Yom Haatzmaut was really lively and fun. I attended the BBQ at the Michael Levin Center for Lone Solders in Jerusalem with many of my friends. All the volunteers are nice and friendly. They each want to do whatever they can to help us. It was extremely surreal to be in Israel for Independence Day. I knew that I finally made it home.

Settling into army life is not easy. After my first full week I didn't want to have to come back. I felt unmotivated and was focusing on all the negatives. A friend helped me realize that I would never be able to do it until I changed my mindset. So this week I did. I realized that the army is just a game and I just need to win the game. Every time we are told to run, I run as fast as I can to be first. Whenever we are told to say or do anything I give it 100%. Doing this has really helped me handle the army better. I'm just a piece on the game board trying to get to the finish before all the other players. Now, this doesn't always end up working out. Many times I think I'm moving ahead when all of a sudden I get thrown back a few spots. 

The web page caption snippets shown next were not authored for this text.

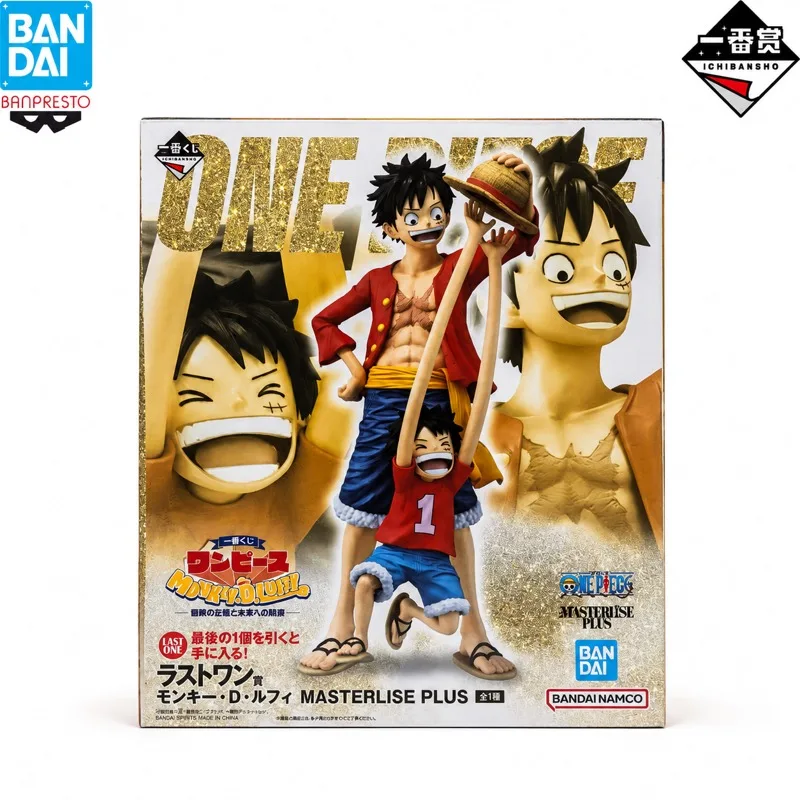 

In Stock Bandai Original Ichiban Kuji One Piece Monkey D Luffy Action Figure Model Doll Brand New Boxed Anime Characters Toys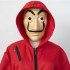La Casa De Papel Salvador Dali Mask Original Imported Product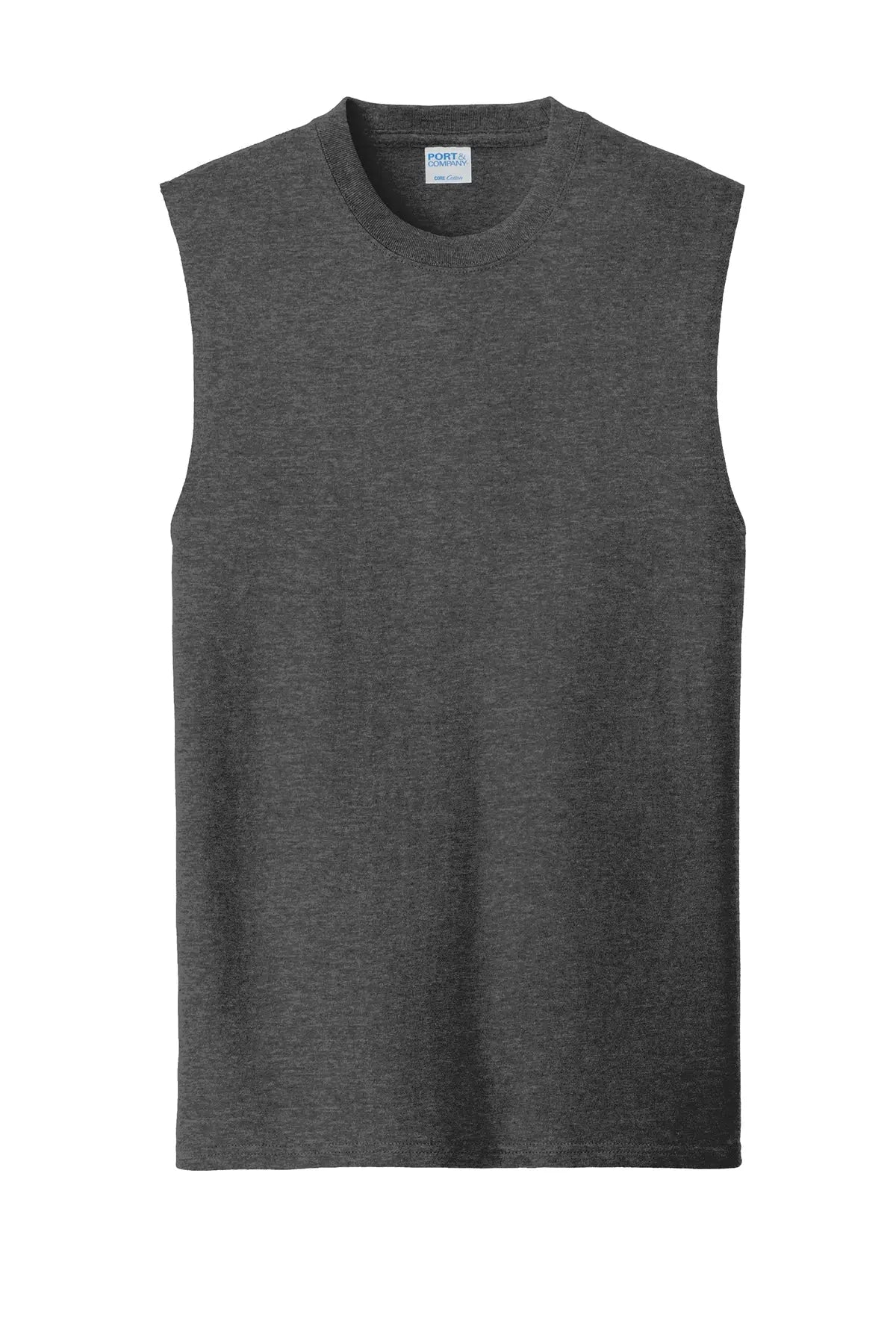 Port & Co™ Core Cotton Sleeveless Tee #PC54SL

For example the other day we needed to take our straps off our gun to put it away for the weekend. One of my friends had arrived late holding two guns because she was asked to take another girl's gun back. Seeing her struggle I asked permission to help her. I asked in the proper way with the proper Hebrew grammar. 

I was then told to do push-ups. 

Even when you try your hardest to be a team player it sometimes just doesn't work out. At the end of the day this is the army game, the rules are made up as they go along. All I can do is try my hardest to win.